John Daly for many months had a chum in his cell that helped him to while away many an hour. This was a spider he tamed and trained, and many an interesting bulletin came from John concerning the whims and antics of his pet. John placed a standing order with me during this time for supplying all the moths I could capture in my cell for his spider. Flies were very scarce in the cells. Scarcity of food, I suppose, accounts for this, but in the season there used to be a great many moths, hence John’s order; but as he himself will, I hope, tell the story of his spider later on, I must only refer to it in a passing way. So, too, with the poisoning of John in Chatham with belladonna. I saw him inside half an hour after the dose had been administered to him. We were being brought out of our cells after dinner to go to labour. Looking at him I saw at once that he was very bad, his eyes bulging and his tongue protruding.
To my whispered question, “What’s the matter, John?” he replied with great difficulty, “Belladonna; they’ve poisoned me.”
That was all he could say. A few minutes later, after we had been distributed to our respective labour gangs, I saw John drop and being picked up and carried away. A Special Commission was afterwards appointed to investigate this poisoning, and also the treatment of the treason felony prisoners generally. The result was published in a Government Blue Book.
After Dr. Gallagher, Alf Whitehead, and some others had been driven mad by the prison treatment something happened that made me feel sure for a time that I, too, was going smash. The thought was horrifying. My turn had come-going mad like the others. The torture of that experience is just as fresh in my memory to-day as it was at that time.

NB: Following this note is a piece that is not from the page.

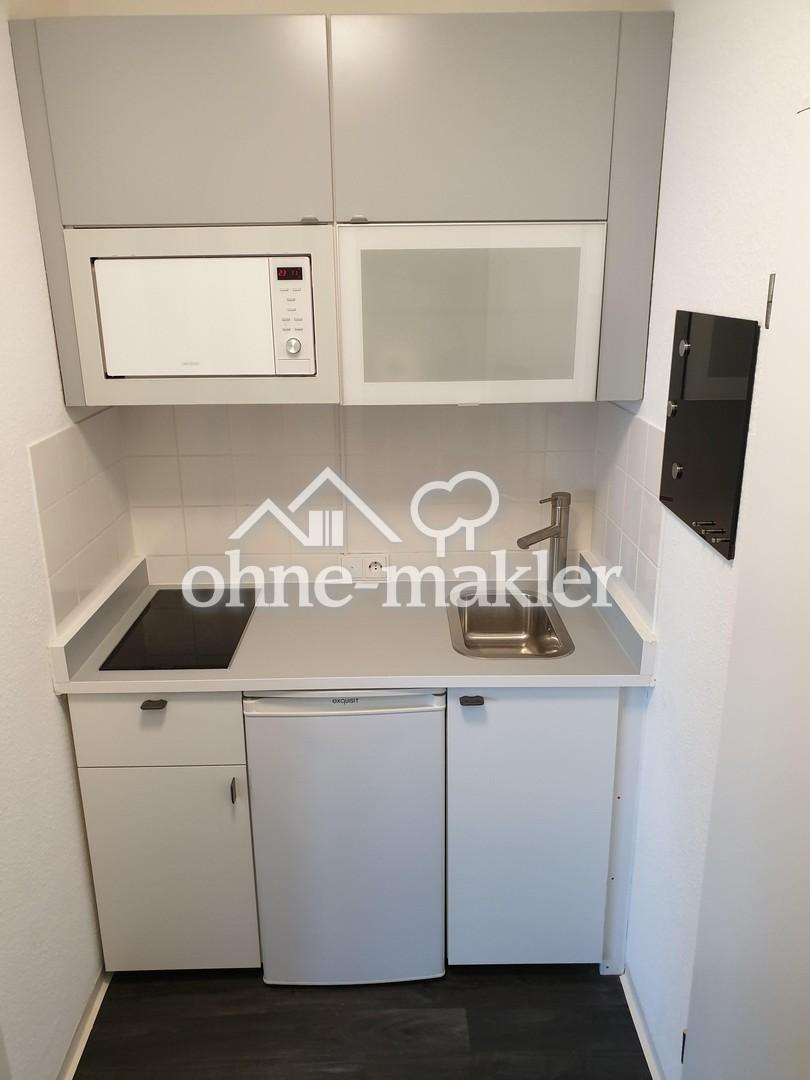 vollständig möbliertes Appartment / Wohnung in zentraler Lage / überd. Stellplatz möglich - Photo 5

The recollection can never leave me.
This is what led up to it. One evening, sitting in the quietness of the cell, there commenced a loud buzzing in my ears. I slapped my ears again and again to try and get rid of it, but the buzzing was persistent, and nothing I could do would remove it or ease it. I tried everything I could think of, but all to no purpose. All night long it kept buzzing away, and with a queer sickening feeling the thought came to me that I was nearing the insanity mark. I reasoned the matter out with myself there in the dark, and came to the conclusion that the tension on the nerves had been so great that the breaking point had been reached – that the system was breaking down, and that this buzzing was the first indication that I had noticed.
While in the cell the noise kept buzzing away, but once outside I couldn’t hear it – I assumed the noise of the working parties in the labour yards drowned the other sound. For several days this kept up – the buzzing, torturing me in the cell, while outside in the yards it didn’t bother me. One evening on being marched back from labour to my cell, glancing up to the roof of the penal cells in the distance I noticed that a fresh telegraph wire had been run from the military barrack on the adjoining hill into the prison, and this wire was fastened right over my cell, in fact insulated at the ventilator opening that led from the cell – I could have shouted with joy. That buzzing after all was not inside of me, but came down the ventilator shaft into my cell from this telegraph wire on the roof. The cell looked less gloomy that evening when I got home to it.